Even as kids, we were drawn into the freedom movement. In school, we used to hear slogans being shouted outside, gunshots being fired. Satyagrahis used to come into the school and we used to help them hide. Our teachers used to tell us about the ongoing struggle. It became part of our education.
In 1947, I did my matriculation and joined college. The whole focus was on rebuilding the nation. We were a generation that had no confusion in our minds as to how to do things. Gandhiji had shown the way. He had given the direction for Rashtra Nirmaan. My mother, Vanalila Vyas, was a staunch nationalist, and very progressive. She was also secretary of the All India Women’s Conference. My father, Sumantrai Bhatt, came from a family of lawyers and was a lawyer himself.

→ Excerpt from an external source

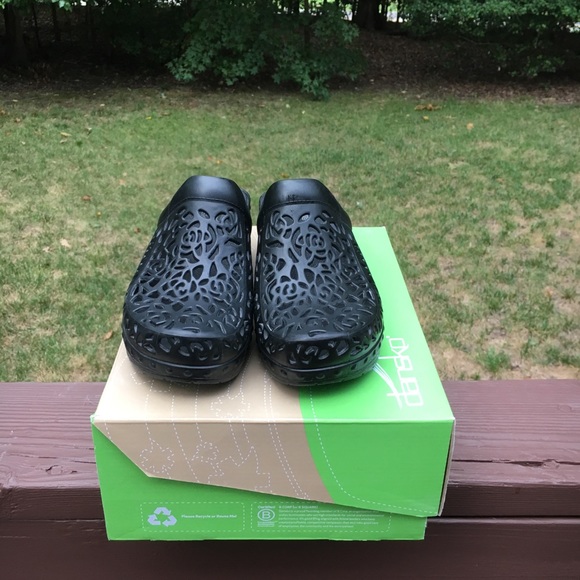 Dansko Shoes - Dansko Clogs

I completed law and joined Textile Labour Association (TLA), founded by Gandhiji. Ahmedabad was a newly growing textile town. Its women workers, carrying reams of cloth on head, were being exploited. They came to TLA. We fought for their higher wages.
Seeds of SEWA
Working at TLA, I used to go to the labour court as a young lawyer. I saw how the relationship between the malik (owner) and the mazdoor (labourer) could be more conciliatory. I became aware of the principal of trusteeship, and realised how we are all trustees to society. The capitalist is also a trustee. This is the practical and also spiritual way to live together.

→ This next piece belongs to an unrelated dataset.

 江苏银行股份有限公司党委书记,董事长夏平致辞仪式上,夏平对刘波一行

Also, while there were state laws to protect industrial workers, there was nothing for the self-employed women, supplementing the incomes of their families. We fought for their rights, even created a cooperative bank for them. SEWA was born as a women’s collective that worked outside the textile mills and other formalised sources of income—something that was out of TLA’s purview. We found that poor women in Ahmedabad were not just domestic workers. They conducted a variety of businesses—as hawkers, vendors, labourers—and yet were not being represented in India’s economy. My work at SEWA has helped me see a lot of positive things over the years. Given an opportunity, I see, how they cut off their shackles and grow.
Breaking the Shackles
My early days in the labour court were tense—as a woman lawyer with a stammer. The slightest comment about my clothes or my short height would upset me, and I would begin to stammer. There were hardly any women in court. Sometimes I was the only woman present, but the atmosphere at that time developed us. As women we kept our maryada and did what needed to be done for the nation. Overall, the public life at that time was safe, encouraging and appreciative. I have dealt with this in my memoirs, We Are Poor But So Many.
Inequality, Insecurity, Scepticism
Inequality seems to have grown in society. The poor may not have become poorer, but their vulnerability has increased. Real freedom continues to elude them. Poverty is violence with the consent of society. Unless primary needs of society—roti, kapada aur makaan—are satisfied for everyone, we have not achieved swaraj. We need to learn how to decentralise power and also resources. We have to create an Indian model of development. The whole struggle for swaraj is still going on.
The class divisions continue to exist. They start from the school level itself. Those who have money and can afford good education continue to have access to a better life. They then become part of the ruling class, perpetuating the inequality.
Though the times have changed and the country is moving in a different direction now, Gandhi’s values are still alive and as valid now as they were during the freedom struggle. There are a lot of differences between this (present-day) India and that India, a lot of good things have happened and are still happening in terms of growth and development but there is still the general atmosphere of insecurity: an all-encompassing sense of being taken for a ride. It is difficult to decide whom to trust as one gets cheated over little things. You cannot trust a book, a research finding, a drug or even a public speech.
Future belongs to the Young
I interact with the youth on a regular basis. My grandchildren also provide me a window to the life of the young. Today’s youth are definitely not as naïve as we used to be at their age. They are impatient and therefore intolerant. They do not have faith in the process of things. We cherished the values of idealism. Even they are idealistic in their own way and want to do something for the country.
Each and every youth wants to know about poverty and inequality. They want to know what they can do to help. But they are not getting any answers. The answers are not coming from anyone—not from parents, not from teachers, not from religious heads or from politicians.
They ask me also. I tell them, “Go and find your answers. Go out and talk to the fields. Talk to the trees. Talk to the grass. Talk to people. You will find your answer.” Every living being out there has the answer. We are all bound to each other. This is called ‘Anubandh’ (also the name of Bhatt’s second book). Everything is correlated.
It is disturbing how the young are getting disillusioned. One day, a young boy came back from school with a sheet of paper that talked of different ways of committing suicide. Look at games like Blue Whale. Why are the children getting drawn to them? Who created this game? Why do people produce weapons; do R&D to produce more and more lethal weapons? We have to correlate the impact of our action on society and on mother earth. The world is sustained by the sum of all our correlated actions. Together we form the world. Like oceanic circles, or the rooting branches of the great banyan tree, we are bound to each other and to the land.